Monkeypox: a global wake-up call

The Lancet
PMCID: PMC9519384  PMID: 35908560

WHO's declaration on July 23 that the current monkeypox outbreak constitutes a Public Health Emergency of International Concern (PHEIC) was unprecedented. It is the seventh such declaration, but the first made against the advice of a majority of the emergency committee (nine were against, six were for). Dr Tedros’ decision is a brave one. It needs to serve as a global wake-up call. The question is whether it will prompt the escalated efforts required to control the outbreak.

Dr Tedros gave three broad reasons for his decision. “We have an outbreak that has spread around the world rapidly, through new modes of transmission about which we understand too little, and which meets the criteria in the International Health Regulations.” The details make for a compelling case. So far this year, up to July 22, 16 016 cases have been reported from 75 countries. Where monkeypox is endemic, such as in DR Congo, large new outbreaks have been reported in diverse populations. Outside of west and central Africa, the outbreak is concentrated, for now, in men-who-have-sex-with-men (MSM). Why the disease's epidemiology has changed is still unclear, as are many other aspects of the outbreak. Recent case series from non-endemic countries have shown differences in clinical features compared with previous reports. Lethargy and fever seem to be less common, and several patients have no prodromal symptoms. Skin lesions are found predominantly in genital or perianal areas. Transmission is known to occur through skin-to-skin contact, but monkeypox DNA has been found in patients’ seminal fluid—whether it represents replication-competent virus remains unknown. The rapid worldwide spread of a disease, for reasons we are unsure of, was clearly an over-riding concern for Dr Tedros. An urgent energised research effort is now needed to understand these and other issues related to the outbreak.

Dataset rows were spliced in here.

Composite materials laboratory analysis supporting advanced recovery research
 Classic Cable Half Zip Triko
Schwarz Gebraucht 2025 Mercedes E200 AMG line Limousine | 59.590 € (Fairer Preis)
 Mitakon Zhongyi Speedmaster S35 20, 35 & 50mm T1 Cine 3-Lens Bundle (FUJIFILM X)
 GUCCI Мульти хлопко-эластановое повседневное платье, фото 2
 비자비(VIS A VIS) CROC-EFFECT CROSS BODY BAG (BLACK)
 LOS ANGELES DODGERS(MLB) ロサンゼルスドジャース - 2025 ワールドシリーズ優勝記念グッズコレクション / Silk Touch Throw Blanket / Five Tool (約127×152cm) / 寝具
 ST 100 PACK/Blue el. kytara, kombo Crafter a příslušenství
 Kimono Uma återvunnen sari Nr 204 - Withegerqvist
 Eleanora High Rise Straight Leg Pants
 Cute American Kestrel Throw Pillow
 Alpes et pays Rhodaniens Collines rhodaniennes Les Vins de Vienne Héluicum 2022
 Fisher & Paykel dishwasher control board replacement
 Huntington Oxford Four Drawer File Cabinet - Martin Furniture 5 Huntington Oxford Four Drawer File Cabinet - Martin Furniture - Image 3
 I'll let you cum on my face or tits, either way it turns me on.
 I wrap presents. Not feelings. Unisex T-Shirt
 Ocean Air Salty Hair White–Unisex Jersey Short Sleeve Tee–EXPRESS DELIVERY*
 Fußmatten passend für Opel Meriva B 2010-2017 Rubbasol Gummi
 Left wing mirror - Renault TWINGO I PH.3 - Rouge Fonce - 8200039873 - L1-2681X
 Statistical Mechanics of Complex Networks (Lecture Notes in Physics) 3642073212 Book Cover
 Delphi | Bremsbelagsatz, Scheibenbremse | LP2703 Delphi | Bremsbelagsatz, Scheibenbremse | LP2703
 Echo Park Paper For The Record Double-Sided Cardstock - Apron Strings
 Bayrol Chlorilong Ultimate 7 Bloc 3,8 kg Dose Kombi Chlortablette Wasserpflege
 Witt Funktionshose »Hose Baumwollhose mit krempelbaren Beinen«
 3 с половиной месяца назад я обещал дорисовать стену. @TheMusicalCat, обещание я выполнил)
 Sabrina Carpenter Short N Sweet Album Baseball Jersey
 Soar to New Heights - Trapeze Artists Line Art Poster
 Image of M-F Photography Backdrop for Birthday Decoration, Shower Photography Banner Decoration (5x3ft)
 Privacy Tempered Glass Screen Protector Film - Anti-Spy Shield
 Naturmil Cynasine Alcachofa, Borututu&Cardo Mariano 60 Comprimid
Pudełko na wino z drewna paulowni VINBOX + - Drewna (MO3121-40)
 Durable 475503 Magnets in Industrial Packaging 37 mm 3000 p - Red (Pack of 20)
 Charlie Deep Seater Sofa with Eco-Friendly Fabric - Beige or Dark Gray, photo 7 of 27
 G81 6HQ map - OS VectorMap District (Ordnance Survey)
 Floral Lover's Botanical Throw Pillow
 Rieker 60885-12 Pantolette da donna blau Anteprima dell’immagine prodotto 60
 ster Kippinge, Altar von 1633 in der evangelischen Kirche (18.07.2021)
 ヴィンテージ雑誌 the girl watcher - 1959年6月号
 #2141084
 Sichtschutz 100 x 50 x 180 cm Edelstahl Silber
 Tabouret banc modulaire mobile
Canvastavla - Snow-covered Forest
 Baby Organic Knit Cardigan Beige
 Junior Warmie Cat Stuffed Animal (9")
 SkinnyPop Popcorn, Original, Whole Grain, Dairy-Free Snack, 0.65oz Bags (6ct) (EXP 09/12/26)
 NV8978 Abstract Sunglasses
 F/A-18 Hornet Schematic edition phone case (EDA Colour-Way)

Countries must strengthen public health preparedness and response. Case definitions should be updated and harmonised as new data emerge, with heightened surveillance, case detection, and contact tracing. Patients need to be supported in isolation and treatment, and targeted immunisation might be needed for people at high risk of exposure. Recent experience with COVID-19 might help countries institute these measures but many health systems are at breaking point already. There is a risk too that the public is fatigued by talk of pandemics and their control. Misinformation about monkeypox has already begun to circulate. The public need to be engaged and targeted risk-communication strategies developed. Monkeypox is not COVID-19. The R0 is around 1, and transmission mechanisms are entirely different. The clade of monkeypox that seems to be responsible for the outbreak largely causes mild self-limiting illness, although patients have been admitted to hospital, mainly for pain. Ensuring wide understanding of these points is key for managing public anxiety.

Engagement among many MSM has been high since the outbreak started, and this population is—as ever—keen to take care of its health (and do their part to protect others). Countries that criminalise homosexuality and marginalise LGBTI+ communities risk both patients’ wellbeing and chances of controlling transmission. Stigma and discrimination need to be fought. It would be wrong to categorise monkeypox as a disease of MSM.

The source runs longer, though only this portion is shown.